### PROVIDED DATA
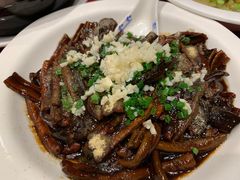 本帮炒鳝糊-老吉士酒家(天平路店)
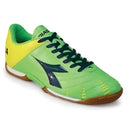 Used Diadora DA-1569-10.5 Indoor Soccer Shoe - lauxsportinggoods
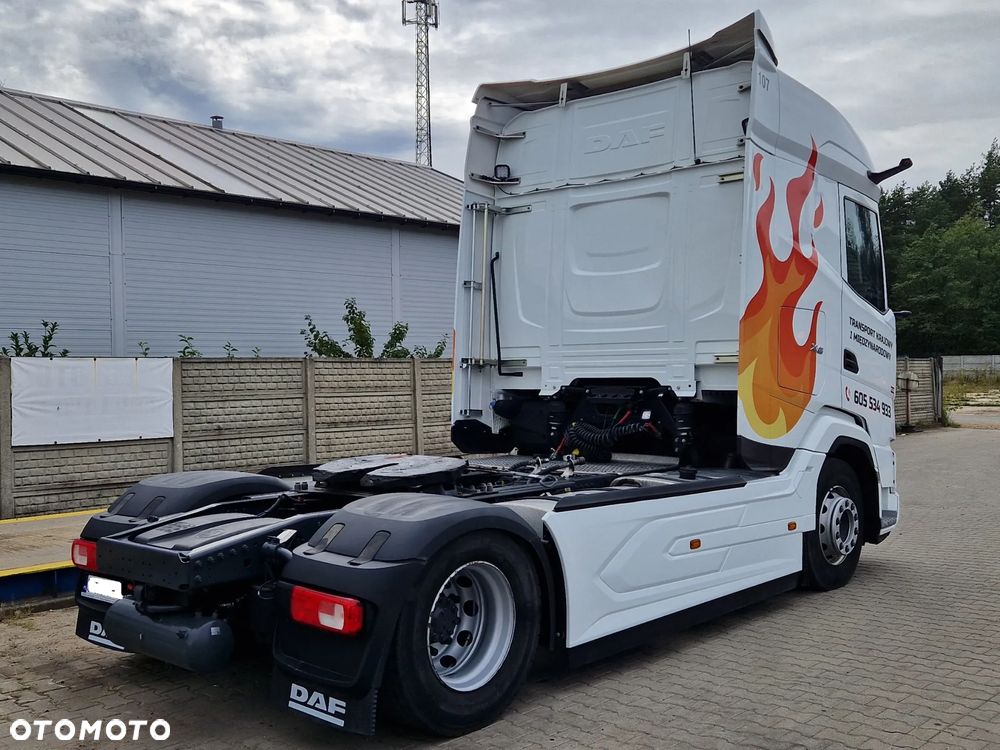 DAF XG 480 FT STANDARD HYDRAULIKA DMC 50 TON TV 4x2 KRAJOWY PO SERWISIE W ASO DAF - 4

### WORK INSTRUCTIONS
Could you retype every line above exactly as it appears, skipping the pictures?

### ANSWER TO THIS PROBLEM
 本帮炒鳝糊-老吉士酒家(天平路店)
 Used Diadora DA-1569-10.5 Indoor Soccer Shoe - lauxsportinggoods
 DAF XG 480 FT STANDARD HYDRAULIKA DMC 50 TON TV 4x2 KRAJOWY PO SERWISIE W ASO DAF - 4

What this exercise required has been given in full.